Près de la moitié des salariés travaillent en France en horaires atypiques

Publié le par angeline351

Sur un mois, 10,4 millions de Français ont travaillé au moins une fois le soir, la nuit, le samedi ou le dimanche.

Il n'y a pas que les boulangers, les pompiers, les infirmières, les restaurateurs ou les policiers qui travaillent, en France, en «horaires atypiques» - en comparaison avec les horaires standards en journée, du lundi au vendredi. Selon une note du ministère du Travail, 44 % des salariés ont été l'année dernière, sur un mois, soumis à au moins un horaire de travail atypique sur leur lieu de travail, à leur domicile ou ailleurs.
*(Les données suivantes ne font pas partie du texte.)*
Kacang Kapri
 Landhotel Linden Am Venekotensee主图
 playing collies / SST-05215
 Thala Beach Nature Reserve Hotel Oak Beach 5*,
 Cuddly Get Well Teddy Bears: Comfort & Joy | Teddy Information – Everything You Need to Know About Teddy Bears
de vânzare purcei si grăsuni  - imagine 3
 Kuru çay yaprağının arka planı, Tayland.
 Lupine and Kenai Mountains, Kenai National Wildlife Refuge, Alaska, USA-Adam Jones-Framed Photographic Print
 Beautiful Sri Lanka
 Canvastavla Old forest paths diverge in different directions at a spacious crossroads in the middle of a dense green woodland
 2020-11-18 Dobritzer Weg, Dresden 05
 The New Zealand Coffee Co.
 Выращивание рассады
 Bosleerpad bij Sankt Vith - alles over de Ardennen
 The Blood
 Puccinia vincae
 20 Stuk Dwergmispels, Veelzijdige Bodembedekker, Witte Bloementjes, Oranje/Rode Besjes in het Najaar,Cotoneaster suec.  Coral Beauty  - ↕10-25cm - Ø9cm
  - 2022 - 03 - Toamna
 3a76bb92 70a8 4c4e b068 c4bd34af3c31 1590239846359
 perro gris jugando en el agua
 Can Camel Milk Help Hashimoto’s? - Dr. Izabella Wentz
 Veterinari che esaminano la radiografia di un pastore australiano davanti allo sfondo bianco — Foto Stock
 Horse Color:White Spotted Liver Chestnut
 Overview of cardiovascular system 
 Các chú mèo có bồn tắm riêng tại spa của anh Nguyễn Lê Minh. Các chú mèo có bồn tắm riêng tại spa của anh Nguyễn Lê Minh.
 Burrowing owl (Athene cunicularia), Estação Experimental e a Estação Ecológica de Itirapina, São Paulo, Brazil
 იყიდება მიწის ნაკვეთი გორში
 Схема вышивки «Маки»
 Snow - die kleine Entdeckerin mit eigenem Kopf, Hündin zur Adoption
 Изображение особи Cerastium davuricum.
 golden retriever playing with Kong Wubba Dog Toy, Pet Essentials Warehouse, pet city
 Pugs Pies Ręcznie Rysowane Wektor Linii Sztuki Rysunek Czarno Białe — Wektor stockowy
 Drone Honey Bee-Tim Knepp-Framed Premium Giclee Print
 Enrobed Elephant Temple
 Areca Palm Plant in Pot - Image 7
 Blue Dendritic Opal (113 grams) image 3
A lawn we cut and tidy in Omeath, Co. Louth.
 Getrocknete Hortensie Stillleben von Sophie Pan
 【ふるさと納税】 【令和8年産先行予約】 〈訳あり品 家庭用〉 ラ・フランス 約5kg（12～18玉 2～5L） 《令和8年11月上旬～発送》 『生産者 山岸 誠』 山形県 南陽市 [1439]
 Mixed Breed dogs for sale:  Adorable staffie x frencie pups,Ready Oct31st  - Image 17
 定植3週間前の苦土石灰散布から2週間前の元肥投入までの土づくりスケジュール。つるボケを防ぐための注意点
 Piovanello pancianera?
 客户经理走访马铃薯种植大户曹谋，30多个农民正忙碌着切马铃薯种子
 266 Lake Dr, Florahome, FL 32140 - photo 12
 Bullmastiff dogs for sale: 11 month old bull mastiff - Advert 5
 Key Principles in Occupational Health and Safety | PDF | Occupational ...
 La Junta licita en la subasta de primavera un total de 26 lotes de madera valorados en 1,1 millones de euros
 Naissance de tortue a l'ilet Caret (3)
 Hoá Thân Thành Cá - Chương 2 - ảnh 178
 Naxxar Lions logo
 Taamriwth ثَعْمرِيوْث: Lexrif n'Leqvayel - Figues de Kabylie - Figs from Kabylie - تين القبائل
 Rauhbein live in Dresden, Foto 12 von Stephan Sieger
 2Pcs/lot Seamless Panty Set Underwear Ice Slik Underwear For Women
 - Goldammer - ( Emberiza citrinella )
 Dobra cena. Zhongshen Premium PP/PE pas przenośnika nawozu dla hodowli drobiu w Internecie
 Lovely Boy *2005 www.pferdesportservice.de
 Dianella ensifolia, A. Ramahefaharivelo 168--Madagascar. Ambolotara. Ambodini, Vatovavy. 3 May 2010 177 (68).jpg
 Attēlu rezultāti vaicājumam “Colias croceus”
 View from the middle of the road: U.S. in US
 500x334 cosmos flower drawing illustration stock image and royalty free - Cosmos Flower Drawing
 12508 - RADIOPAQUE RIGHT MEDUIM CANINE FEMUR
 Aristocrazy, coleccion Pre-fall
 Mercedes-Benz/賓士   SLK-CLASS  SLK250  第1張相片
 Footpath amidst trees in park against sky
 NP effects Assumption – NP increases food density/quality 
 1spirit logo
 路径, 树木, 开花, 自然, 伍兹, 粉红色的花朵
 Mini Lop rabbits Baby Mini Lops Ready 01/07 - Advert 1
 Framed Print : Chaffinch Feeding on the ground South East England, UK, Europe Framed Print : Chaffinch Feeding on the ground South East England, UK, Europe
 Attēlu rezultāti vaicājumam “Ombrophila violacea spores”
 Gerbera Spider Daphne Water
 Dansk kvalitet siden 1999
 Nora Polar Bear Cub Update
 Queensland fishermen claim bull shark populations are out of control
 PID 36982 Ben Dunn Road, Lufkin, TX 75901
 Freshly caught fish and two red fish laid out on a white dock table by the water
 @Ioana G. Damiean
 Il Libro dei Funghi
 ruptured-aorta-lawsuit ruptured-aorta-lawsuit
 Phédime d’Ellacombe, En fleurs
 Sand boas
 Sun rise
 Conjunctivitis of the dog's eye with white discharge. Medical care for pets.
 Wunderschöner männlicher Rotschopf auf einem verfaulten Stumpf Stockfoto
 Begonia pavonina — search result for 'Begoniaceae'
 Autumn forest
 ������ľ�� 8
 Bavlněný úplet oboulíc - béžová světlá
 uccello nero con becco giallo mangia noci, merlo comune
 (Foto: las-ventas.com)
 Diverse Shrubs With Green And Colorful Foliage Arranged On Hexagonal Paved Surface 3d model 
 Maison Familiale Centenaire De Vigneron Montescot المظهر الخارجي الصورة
Soit 10,4 millions de personnes qui ont, le mois observé, travaillé au moins une fois le soir (entre 20 heures et minuit), la nuit (entre minuit et 5 heures), le samedi ou le dimanche.

Travail de nuit pour 7% des femmes

Le travail en horaire atypique concerne un peu plus les hommes que les femmes (44,2% contre 43%), les employés que les ouvriers (49% contre 39,2%) et les cadres que les professions intermédiaires (44,9% contre 40,3%). Dans le détail, les fonctionnaires travaillent de manière atypique plutôt le soir et le dimanche pour assurer la continuité de la vie sociale, la permanence des soins ou la sécurité des personnes et des biens, tandis que les salariés du privé se concentrent plutôt sur le samedi dans le tertiaire (5,2 millions) et la nuit dans l'industrie (440.000). Le travail la nuit n'est d'ailleurs plus une spécificité masculine depuis 2001: l'an dernier, 7 % des femmes et 15 % des ouvrières (soit 122.000 personnes) faisaient acte de présence entre minuit et 5 heures. Enfin, être présent au travail le samedi va souvent de pair avec le fait d'y être le dimanche, et les horaires de soirée avec ceux de nuit. Et les salariés à temps partiel sont aussi exposés que les temps plein mais concentrent leur activité plutôt le samedi.